Thank you for visiting my web and spending your time with me. Here you will find my opinions about some social matters (http://araanton.blogspot.com) and the inspirations for my novels, drawn from experiences, obsessions and the incomprehensible interest for some specific times in history.
I was born and live in León, seat of the ancient Kingdom of León were Spain emerges, from the laden of the men and women engaged in the liberation of their lands and to boost their culture. Here I carried out as a teacher, which I left to entirely dedicate to historical investigation and novel writing.
The Veil an The Only Gatway
As I sat around the table chatting with my daughters, near to the Basilica of Saint Isidoro, trying to explain to them that the fact of being a woman would not close them any doors if they knew how to get on with life. I then remembered that Urraca, the Infanta of León, sister of Alphonso VI, Imperator totius Hispaniae, even from behind scenes knew how to impose her will, and with time it has been proven that her decisions were the most convenient for the kingdom. It was at that moment that I realised I had to write about her, as an exponent of the capacities of feminine power, which even a veil, was unable to cover or overturn.
The investigation about her life, lead me to discover fascinating characters like her father, Ferdinard I, king of León, , or her mother Sancha, who just as Urraca would later do, participated in the major discussions that the government of the Kingdom had to make.
What at first was supposed to be a small story turned up more than four hundred pages, which had to be divided by into two books, The Veil and The Only Gateway. That way I could present the first book to the narrative contest “Camilo José Cela de la Diputación de Guadalajara” and that was how I obtained my first literary acknowledgement.
The Veil winner of the the narrative contest Camilo José Cela de la Diputación de Guadalajara 1997.
Legends of Love and Death
That’s the way the relations have always been between these two lands, Castile and León. United and separated on numerous occasions along the times, engaged in the bloodiest of conflicts and then swear a never ending friendship against a common enemy.

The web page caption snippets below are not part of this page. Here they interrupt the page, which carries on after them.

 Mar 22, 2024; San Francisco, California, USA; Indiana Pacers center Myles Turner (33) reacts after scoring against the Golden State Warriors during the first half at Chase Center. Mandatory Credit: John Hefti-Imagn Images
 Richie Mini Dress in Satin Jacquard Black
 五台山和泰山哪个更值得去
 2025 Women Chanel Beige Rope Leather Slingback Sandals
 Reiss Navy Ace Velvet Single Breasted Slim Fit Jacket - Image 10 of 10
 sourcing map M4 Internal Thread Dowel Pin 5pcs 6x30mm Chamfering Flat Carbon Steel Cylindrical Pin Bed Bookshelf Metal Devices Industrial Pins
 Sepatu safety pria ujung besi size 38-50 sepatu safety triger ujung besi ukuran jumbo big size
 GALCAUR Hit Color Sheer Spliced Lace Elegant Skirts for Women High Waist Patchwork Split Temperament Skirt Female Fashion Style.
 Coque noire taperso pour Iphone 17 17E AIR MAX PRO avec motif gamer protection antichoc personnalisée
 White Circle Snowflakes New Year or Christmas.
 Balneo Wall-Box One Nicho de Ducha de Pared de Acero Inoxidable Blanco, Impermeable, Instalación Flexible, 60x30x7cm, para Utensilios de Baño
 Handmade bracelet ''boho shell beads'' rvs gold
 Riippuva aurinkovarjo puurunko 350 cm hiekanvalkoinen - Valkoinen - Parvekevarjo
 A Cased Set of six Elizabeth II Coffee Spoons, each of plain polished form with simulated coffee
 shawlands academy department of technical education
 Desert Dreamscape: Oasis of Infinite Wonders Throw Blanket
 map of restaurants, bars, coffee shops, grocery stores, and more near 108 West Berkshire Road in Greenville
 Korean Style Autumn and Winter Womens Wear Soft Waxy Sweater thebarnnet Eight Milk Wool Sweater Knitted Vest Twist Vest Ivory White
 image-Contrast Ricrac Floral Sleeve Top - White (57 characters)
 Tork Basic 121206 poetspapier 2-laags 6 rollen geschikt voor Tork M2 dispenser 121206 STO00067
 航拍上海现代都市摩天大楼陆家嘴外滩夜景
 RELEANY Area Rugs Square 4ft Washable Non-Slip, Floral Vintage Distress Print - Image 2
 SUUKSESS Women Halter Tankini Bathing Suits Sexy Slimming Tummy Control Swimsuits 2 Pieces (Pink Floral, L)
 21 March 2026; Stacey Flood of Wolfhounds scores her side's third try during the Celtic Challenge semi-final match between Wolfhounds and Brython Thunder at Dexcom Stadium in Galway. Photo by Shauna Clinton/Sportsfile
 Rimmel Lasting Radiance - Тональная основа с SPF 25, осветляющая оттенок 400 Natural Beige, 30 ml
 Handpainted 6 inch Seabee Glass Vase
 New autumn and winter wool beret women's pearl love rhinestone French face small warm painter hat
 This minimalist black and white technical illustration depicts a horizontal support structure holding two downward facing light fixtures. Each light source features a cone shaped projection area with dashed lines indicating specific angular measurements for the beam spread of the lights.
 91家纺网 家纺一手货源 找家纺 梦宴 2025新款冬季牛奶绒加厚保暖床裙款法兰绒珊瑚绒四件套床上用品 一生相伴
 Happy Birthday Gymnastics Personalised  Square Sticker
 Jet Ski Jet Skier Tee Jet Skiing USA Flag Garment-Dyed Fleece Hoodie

I wanted to give an idea about their soul recreating old legends from each side. I have to confess that my favourites are those that refer to the kingdom of León.
The sources of life
This novel is set in an old spa, where the building still stands in Boñar, a village in the mountain range of León. The natural hot mineral water, considered practically supernatural with the studies that were made at the time. It still flows on the surroundings, as it did in Roman times, but now a days nobody gives it the value that it always had had. It was the carelessness and the abandonment that surrounds the area, where grief and hope can still be sensed. This took me to write with today’s eyes and the thoughts of the past. With this novel I obtained the first prize of the narrative contest of the city of Majadahonda. 2003.
Winged backs
An Augustine priest, Father Luis Estrada, my late friend, one day suggested me a theme that scared me, but I accepted the challenge which represented to write a about Saint Augustine in a painlessly manner, so it could be read by anyone who did not know his life and work.
So a new book on Augustine was born, in a complicated society, which was already suffering the fall of the Roman Empire. Whilst I investigated the period it appeared to me dramatically similar to our moment in time.
Astures, the last bastion against Rome
This book recreates the customs of the Pre-Romanic tribes which lived on the banks of the Astura, our now called river Esla. Because of their fierce determination for liberty, they complicated the Roman conquest of Hispania, up to the point that Augustus had to assume the command of the invasion.
The Cantabri and Astures people, and not others, were the last to surrender to the Romans. My aim was to rescue these memories, from the factual history, recalling the events into a novel, because it looks like there are interests to forget or fade them away.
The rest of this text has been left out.